What is Mean Reversion?

Mean reversion is the tendency of a price to return toward its historical average over time. After a sharp move up or down, the price “snaps back” rather than continuing in the same direction. This is measured using the z-score:

z = (current_price - mean) / standard_deviation

A z-score of -2 means the price is two standard deviations below its mean — statistically unusual and likely to revert. A z-score near 0 means the price is at its average.

Why Some Items Mean-Revert

Not all OSRS items behave the same way. Items that mean-revert reliably share a common trait: a supply anchor that creates a price floor or ceiling.

  • Shop-anchored items (runes, feathers, vials): NPC shops sell unlimited quantities at a fixed price, creating a hard supply floor. Prices can spike above shop price due to convenience demand but always get pulled back.
  • Cost-anchored items (crafted goods, potions): The cost of raw materials creates an input-cost floor. Prices rarely stay below crafting cost for long.

Statistically, mean-reverting items show a first-order autocorrelation (AC1) below -0.2, meaning a price increase today predicts a decrease tomorrow. This negative autocorrelation is the mathematical signature of mean reversion.

Z-Score Trading

The practical strategy is straightforward:

  1. Identify items that are confirmed mean-reverters (AC1 < -0.2).
  2. Buy when the z-score drops to -2.0 or below (price is abnormally low).
  3. Sell when the z-score returns toward 0 (price has reverted to its mean).

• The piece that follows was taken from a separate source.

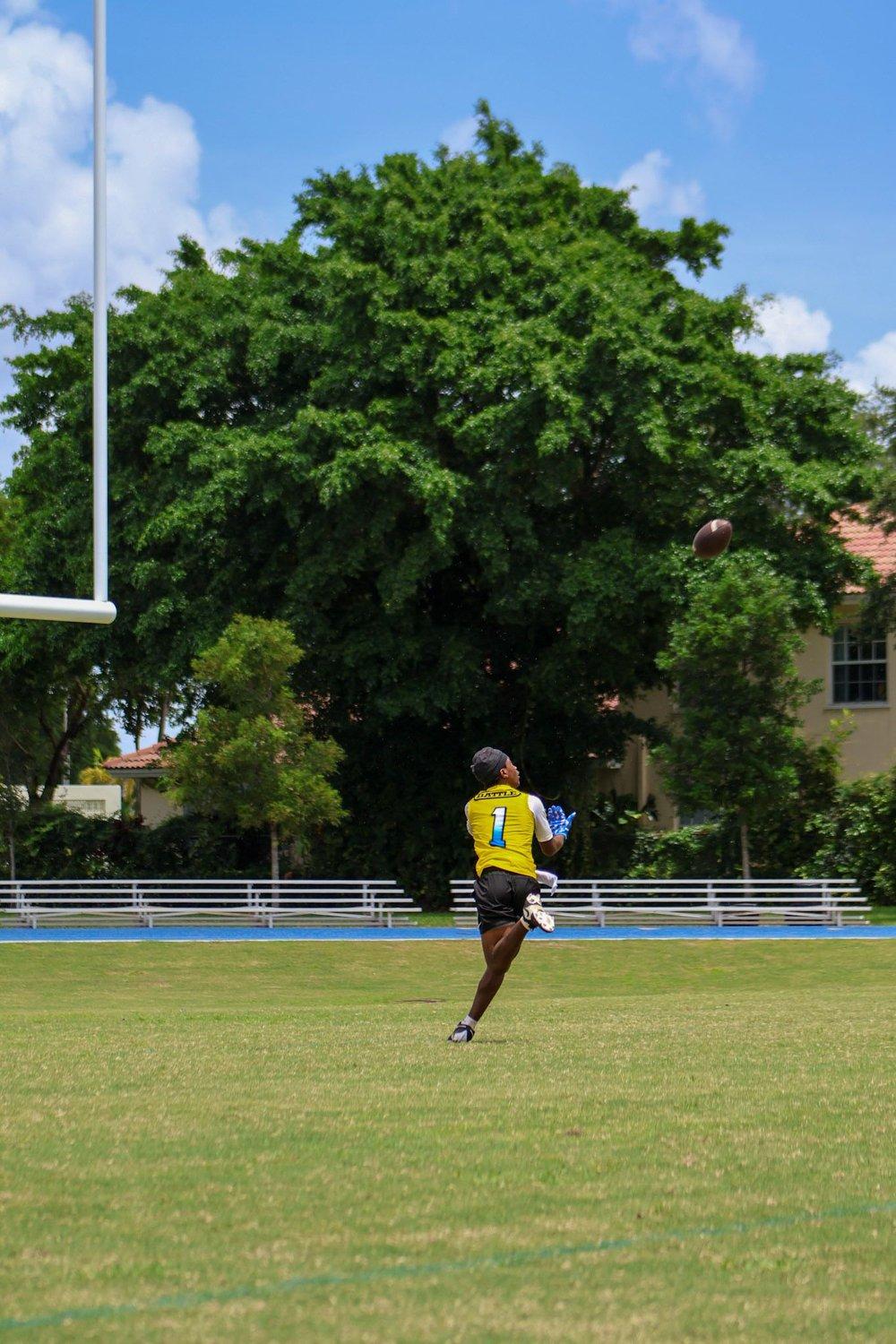 carousel-hero-element image-3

Research validated this approach across 200+ items: using a z-score threshold of 2.5 with a 7-day holding period on confirmed mean-reverting items yields a 71% win rate. This is a significant edge in a market where random entries produce roughly 50/50 outcomes.

Tighter thresholds (higher z) give fewer but higher-quality signals. The trade-off is fewer trading opportunities.

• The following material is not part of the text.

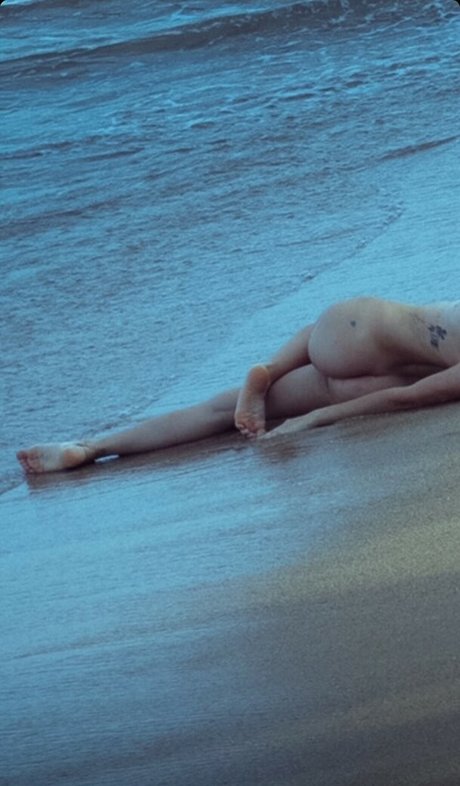 Phaine Gibouyeaux leaks onlyfans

Items That DON'T Mean-Revert

Demand-driven items — boss drops, rare equipment, and items tied to meta shifts — often trend rather than revert. When a new boss is released or a combat meta changes, prices can move persistently in one direction for weeks.

These items show positive autocorrelation (AC1 > +0.1), meaning a price increase today predicts another increase tomorrow. Applying mean-reversion strategy to trending items is a losing proposition — you'd be buying into a falling knife or selling short a breakout.

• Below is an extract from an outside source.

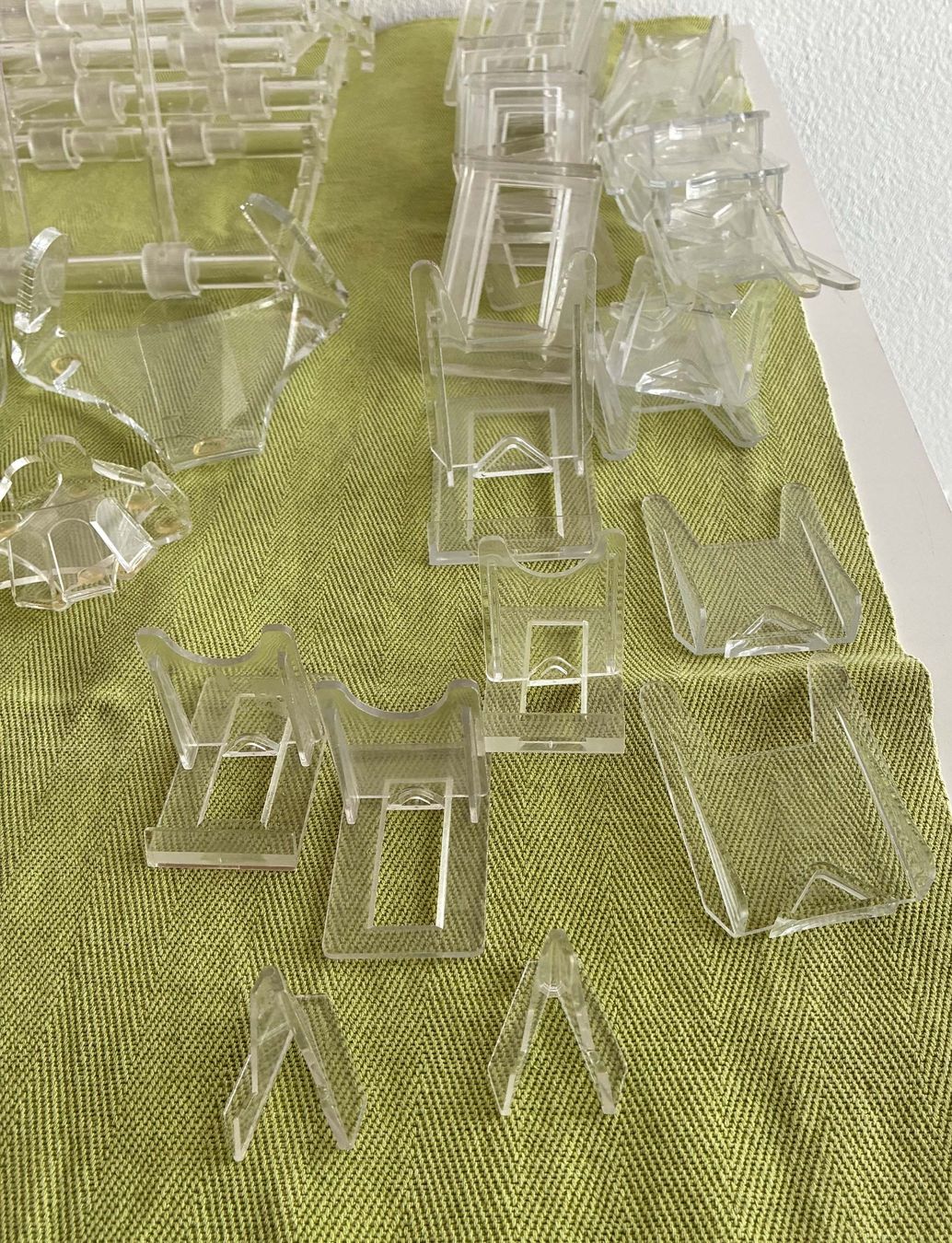 Sonstige Dekorationen & Accessoires: Diverse Plexiglas Ständer – Gebraucht aus Bäretswil von robsonantik 8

Always check an item's classification before trading. The Screener page shows AC1 values and item categories to help you avoid this mistake.

Ensemble Signals

The most powerful approach combines multiple signal sources. When a Prophet ML forecast and a z-score signal agree on direction, the combined signal achieves a 64.7% win rate — significantly higher than either signal alone (roughly 55% each in isolation).

This ensemble effect works because the two signals capture different information. Prophet models trend and seasonality from historical patterns, while z-score captures statistical extremes. Agreement between independent signals reduces false positives.

On the Strategies page, signals that have multi-strategy agreement are highlighted. Prioritize these over single-strategy signals.